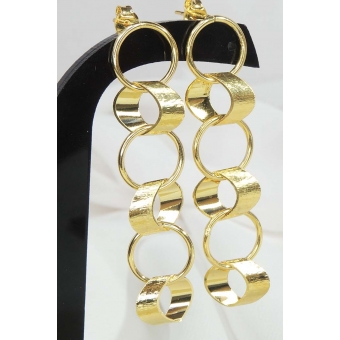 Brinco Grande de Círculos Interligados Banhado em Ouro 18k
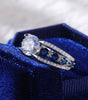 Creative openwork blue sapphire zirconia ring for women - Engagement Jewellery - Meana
--
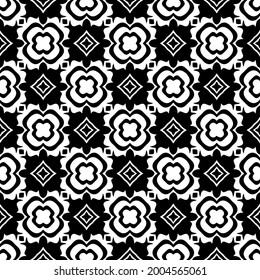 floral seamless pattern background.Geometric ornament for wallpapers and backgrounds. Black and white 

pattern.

*What is needed:* Copy the entries above exactly, but only the stretch from the line containing "Brinco Grande de" through the line containing "Creative openwork blue". Keep both end lines; drop the pictures.

*Exercise solution:*
 Brinco Grande de Círculos Interligados Banhado em Ouro 18k
 Creative openwork blue sapphire zirconia ring for women - Engagement Jewellery - Meana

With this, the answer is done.